Records for this exercise:
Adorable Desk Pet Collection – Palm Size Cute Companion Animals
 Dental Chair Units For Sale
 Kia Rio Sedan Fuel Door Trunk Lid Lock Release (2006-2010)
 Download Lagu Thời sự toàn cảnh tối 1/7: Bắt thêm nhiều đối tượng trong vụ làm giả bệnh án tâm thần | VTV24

---

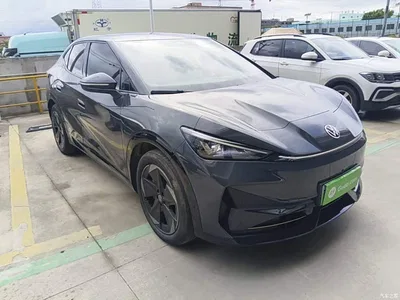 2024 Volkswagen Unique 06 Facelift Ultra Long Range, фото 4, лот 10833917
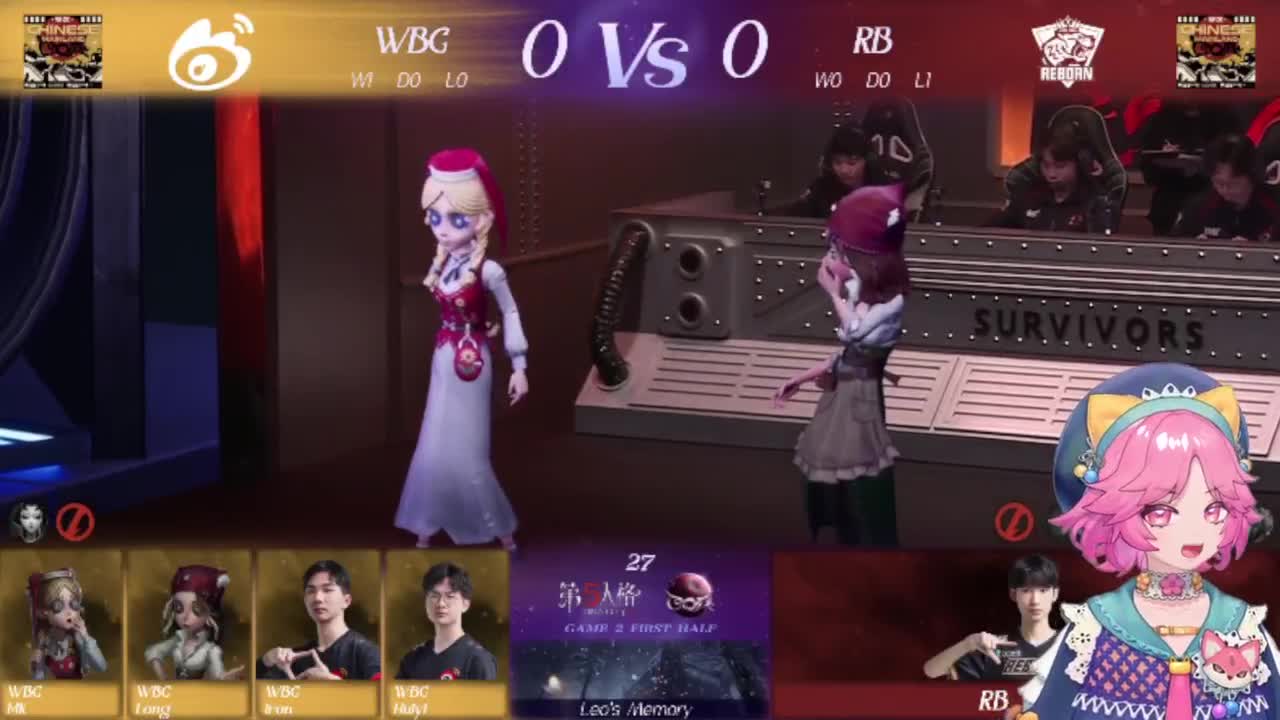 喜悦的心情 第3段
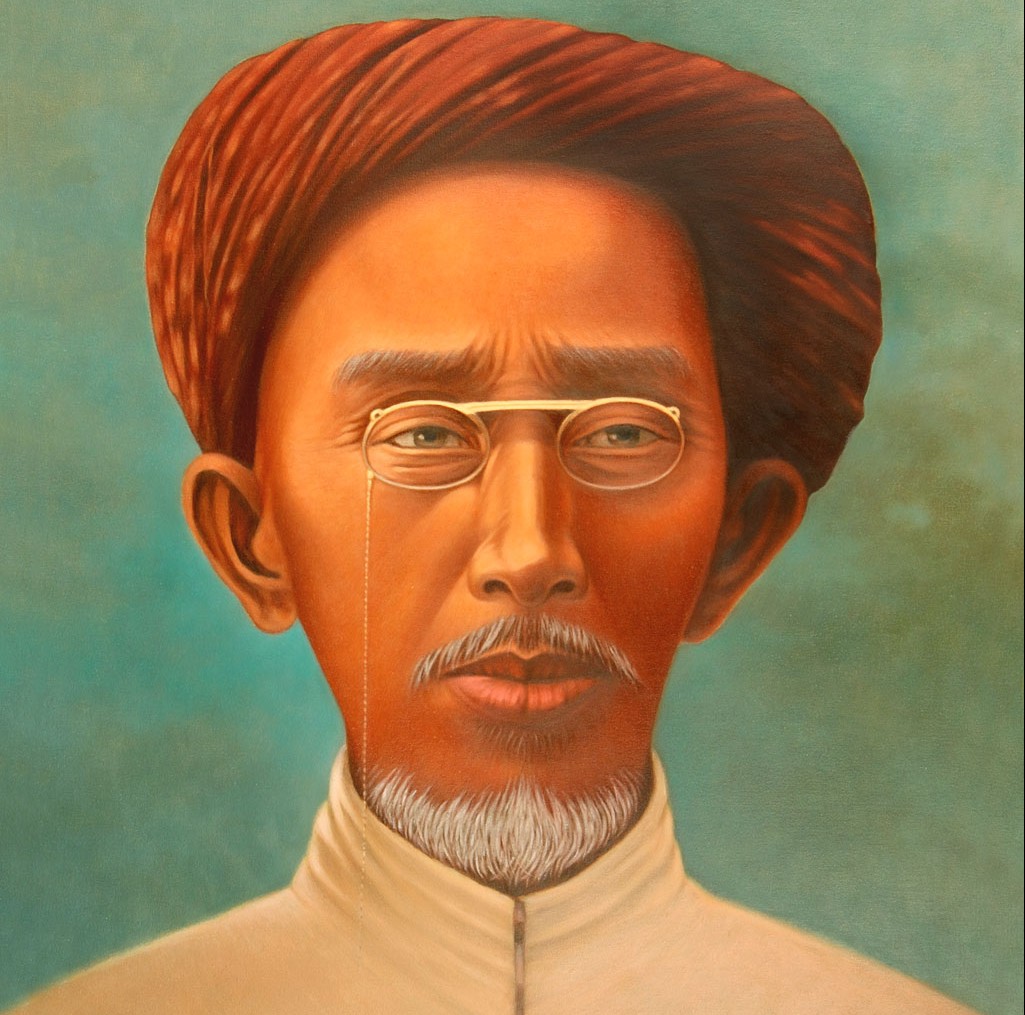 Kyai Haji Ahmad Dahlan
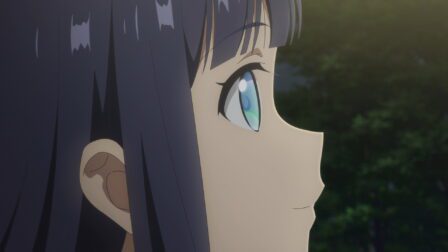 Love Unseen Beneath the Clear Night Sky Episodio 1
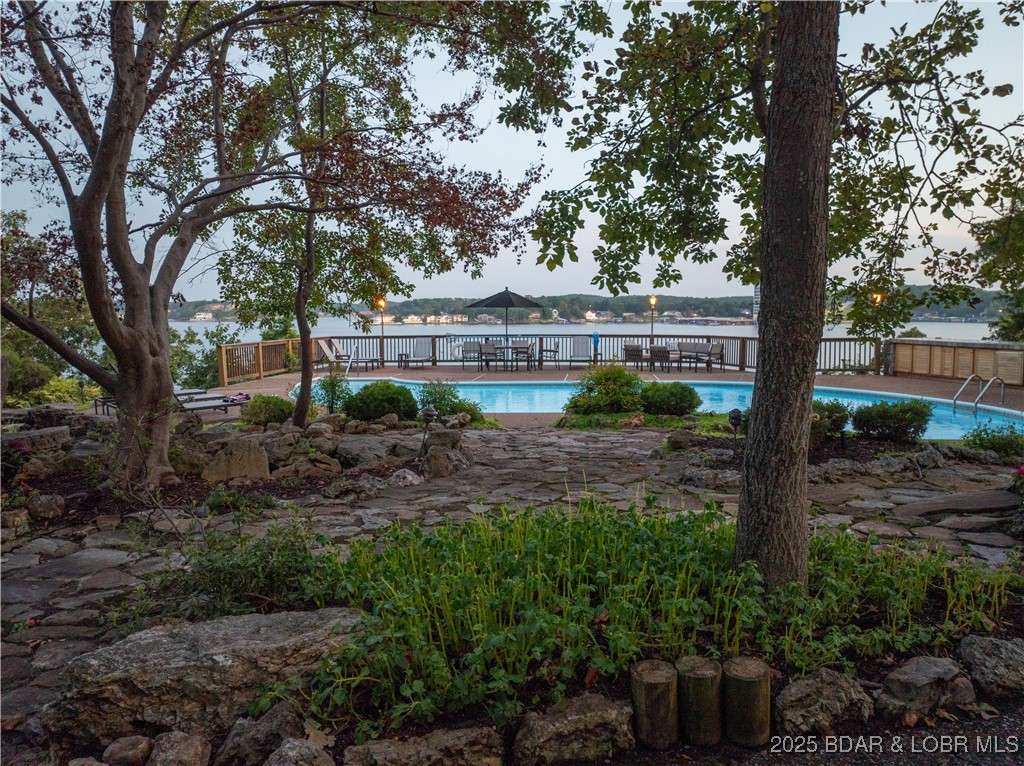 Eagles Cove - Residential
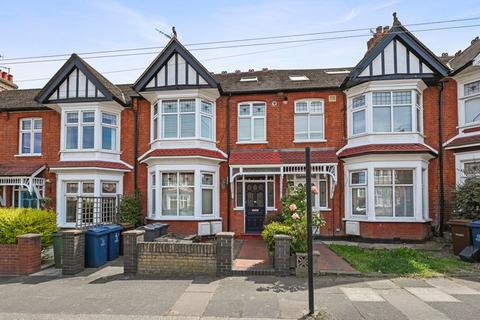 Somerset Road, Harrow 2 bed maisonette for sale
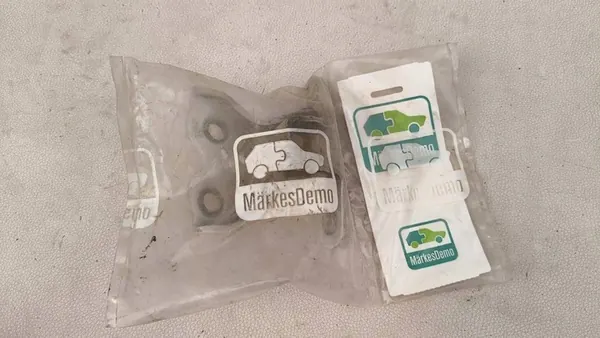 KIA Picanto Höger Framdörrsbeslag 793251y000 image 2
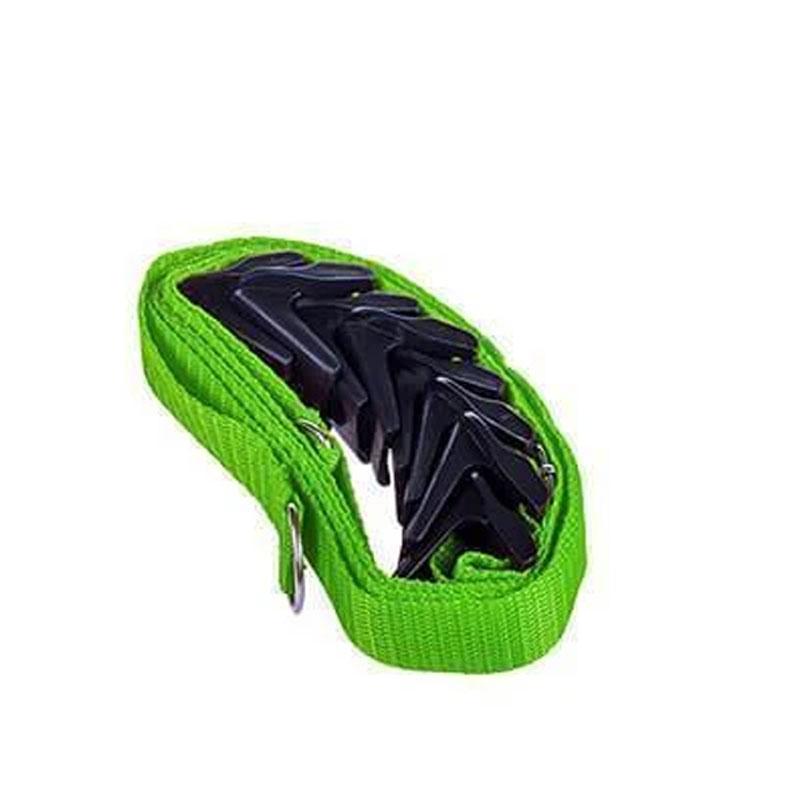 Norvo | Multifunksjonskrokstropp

Work order: Using the records above, copy word for word the line with "Adorable Desk Pet", the line with "Download Lagu Thời", and every line between them.

Response to this task:
Adorable Desk Pet Collection – Palm Size Cute Companion Animals
 Dental Chair Units For Sale
 Kia Rio Sedan Fuel Door Trunk Lid Lock Release (2006-2010)
 Download Lagu Thời sự toàn cảnh tối 1/7: Bắt thêm nhiều đối tượng trong vụ làm giả bệnh án tâm thần | VTV24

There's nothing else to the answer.